The biggest Castle Worldwide. A UNESCO World Heritage site Prague Castle is one of the most visited places in the capital of the Czech Republic. The Prague Castle is not the typical Castle. In fact it is very different from the most of the medieval castles that we see in Europe. The Prague castle is not formed by a single building with towers surrounded by a water moated wall and access by a drawbridge. It nothing like the classic image people have of these historic buildings.

According to the Guinness Book of World Records, Prague Castle is the largest coherent castle complex in the world, covering seven hectares, which makes up some 10 football fields! It was built in the 9th century and it is undoubtedly one of the most important monuments in the Czech Republic. It is a must visit for anyone staying in the Czech capital. The Prague Castle is not only one of the oldest castles in the world, but it is a place of spiritual and temporal power for 1000 years. It dominates the skyline, sitting majestically on a hillside in the Castle District (Hradčany).
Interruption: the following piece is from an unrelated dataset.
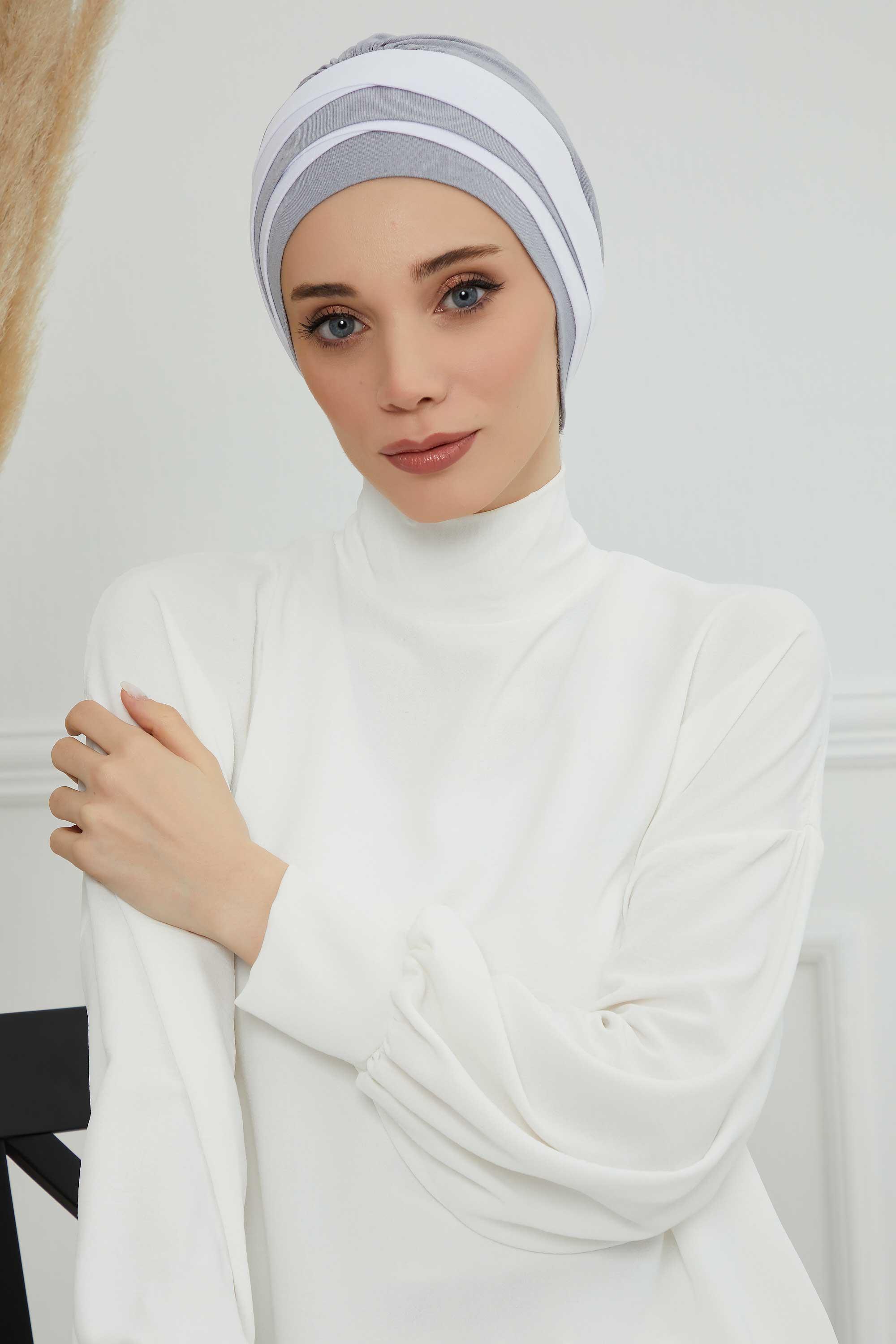 Çift Renkli Penye Bone,B-65 Gri 2-Beyaz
The history of Prague Castle merges with the history of the city. As it was from that hill that the city emerged and developed. This story started in the year 880 when it was founded by Prince Borivoj and it grew until the last work was completed in 1929. It was once the residence of the Kings of Bohemia and is still today the seat of the Czech President. We (Czech) say that the history of Prague has begun with the foundation and construction of the Prague castle.
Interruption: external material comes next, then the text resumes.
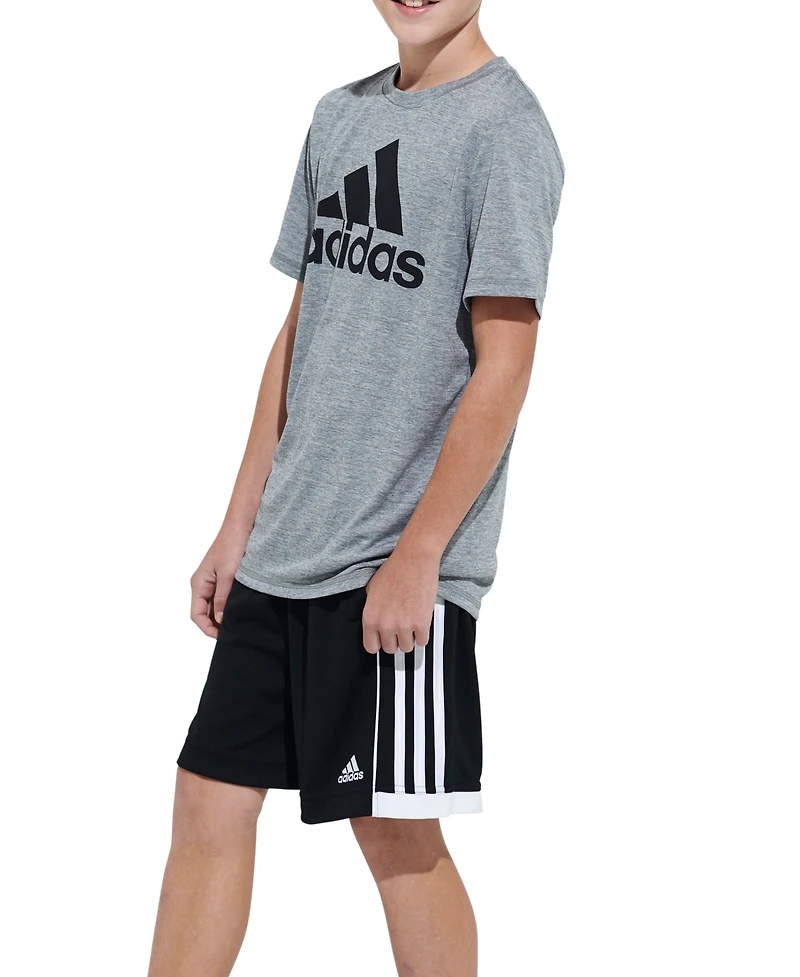 adidas Big Boys Short Sleeve Aeroready Melange Performance T-shirt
Prague Castle is in reality, a complex of palaces and churches connected by small streets and alleys and surrounded by walls in some parts. Looking down from below, many people mistake the St. Vitus Cathedral – which is inside the complex – as the castle itself. In the end, the Castle is composed by several palaces from different eras in just one space.

It has three “main” entrances. The entrance for those, who arrive from the area above the Castle Town districts: Pohorelec, Strahov and parts of Prague 6, and come to the first courtyard. Second gate is available from the side of the Ministry of Defense call the Lion’s Gate. The third way to access the Prague Castle is to walk up the stairs from Klarov area to reach the one near Lobkowicz Palace. If one walks through the Castle gardens, there are two additional public entrances. The most convenient way to enter the Castle district is from the first courtyard. As if you come at a strike of an hour or by the noon time, you can see the changing of the guards. The biggest attraction of the Prague Castle is the St. Vitus Cathedral. When you are inside the castle, you walk through several eras in time, you can find Baroque and Gothic churches as well as a Renaissance village with a modern greenhouse. You can visit museums, art galleries, gardens, old houses and churches. Even though the complex is free to visit you still have to pay to enter the palaces, churches, museums and gardens as well as to the Cathedral and the tombs of the kings.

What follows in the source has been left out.